It's easier if you consider a sphere at rest in it's own reference frame, and asks what happens if you ask what it's shape is in some frame moving relative to the sphere's rest frame. That way you don't have to worry about the notion of "rigidity".

The sphere when seen from a moving frame does indeed Lorentz contract in one direction, assuming the shape of an ellipsoid. The volume of the sphere in the moving reference frame is lower, volume is therefore a frame-dependent quantity like length is.
 
  • #4
pervect said:
It's easier if you consider a sphere at rest in it's own reference frame, and asks what happens if you ask what it's shape is in some frame moving relative to the sphere's rest frame. That way you don't have to worry about the notion of "rigidity".

The sphere when seen from a moving frame does indeed Lorentz contract in one direction, assuming the shape of an ellipsoid. The volume of the sphere in the moving reference frame is lower, volume is therefore a frame-dependent quantity like length is.

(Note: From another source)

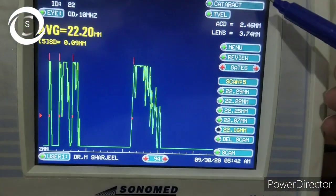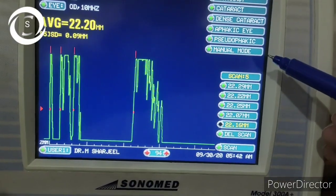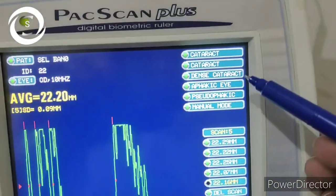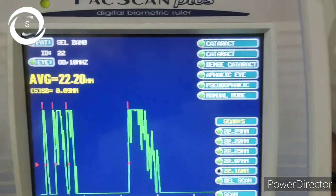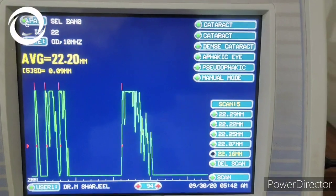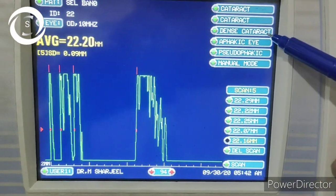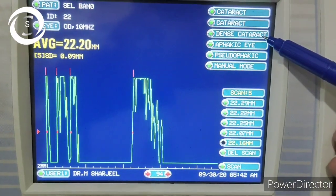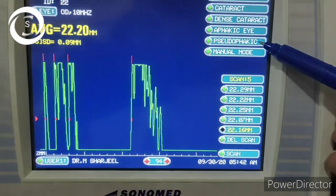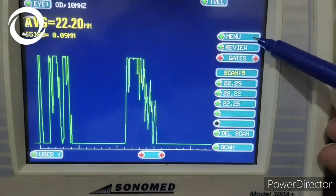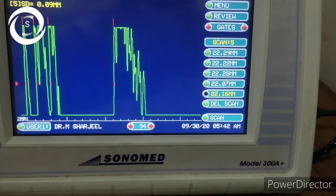Also, if your patient has a very thick cataract, click 'Cataract' and you will have options: dense cataract, phakic mode, and pseudo-phakic mode. Click 'Dense Cataract' and then take the readings.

What is the relationship between the volume of the ellipsoid and its radius?
 
  • #7
The ones in the y and z direction don't change. The one in the x direction scales as ##\gamma##.
 
  • #8
Ibix said:
the x direction scales as ##\gamma##.
I see because length contraction is in the direction of one dimensional motion. I apologise but what does the quote above mean?
 
  • #9
What you said. Although I should have said ##1/\gamma##. At speed v the length is ##\sqrt {1-v^2/c^2}## times its rest length.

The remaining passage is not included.